D’autres ont déjà minutieusement épilogué sur la remarquable victoire de la CAQ le 3 octobre dernier. Pour certains, l’explication passait par des éléments de politique identitaire — pour d’autres, l’absence d’autres options. Les résultats électoraux ont certainement donné de l’oxygène à ceux qui y ont vu les empreintes des lois 21 et 96. « L’île de Montréal isolée », titraient les uns, « Les Québécois francophones craignent pour leur langue », écrivaient les autres.

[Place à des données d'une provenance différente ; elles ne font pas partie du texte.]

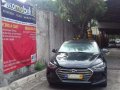 2016 Hyundai Elantra GLS Automatic Automobilico SM City Novaliches for sale-0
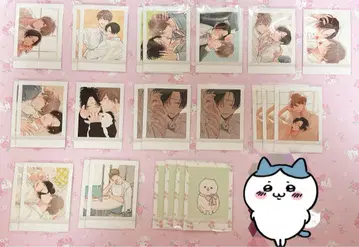 악마 상사 구치지 씨는 폭로되고 싶어 악마 폭로 전시회 찰칵!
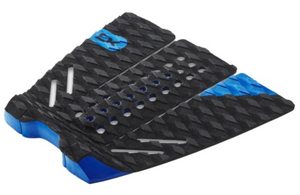 DAKINE JACK ROBINSON PRO SURF TRACTION (10003930B)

Pourtant, à peu près tous les sondages publiés avant l’adoption de ces lois confirmaient que M. Legault devançait aisément ses adversaires. Même sans ces initiatives législatives « polarisantes », le gouvernement Legault filait probablement vers une victoire sans appel.

La question de l’urne est rarement « Les autobus passent-ils à l’heure ? », mais l’intendance pèse dans l’isoloir. Un gouvernement est élu pour gérer un État, rendre des services. Et à l’occasion survient un phénomène, comme celui de la COVID-19, qui lui permettra de se démarquer. Comme l’avait fait avant lui Lucien Bouchard durant la tempête du verglas, M. Legault a su utiliser un ton rassurant, mais rarement jovialiste. Sa gestion de la crise, bien que parfois imparfaite, l’a rapproché des Québécois. Invités à briller pour rassurer les leurs, plusieurs politiciens d’expérience — comme Boris Johnson et Jason Kenney — ont plutôt échoué.

Au pire de la crise, tous les gouvernements s’abreuvaient d’informations sur la COVID-19 et sa propagation. Ils cherchaient des repères partout sur la planète. C’est pourquoi la réaction démesurée à l’égard du contrat accordé à McKinsey au début de la pandémie par le gouvernement Legault pouvait étonner. McKinsey avait été retenue pour offrir des services-conseils, notamment pour l’obtention d’équipements de protection pour les travailleurs de la santé que tous les pays du monde s’arrachaient.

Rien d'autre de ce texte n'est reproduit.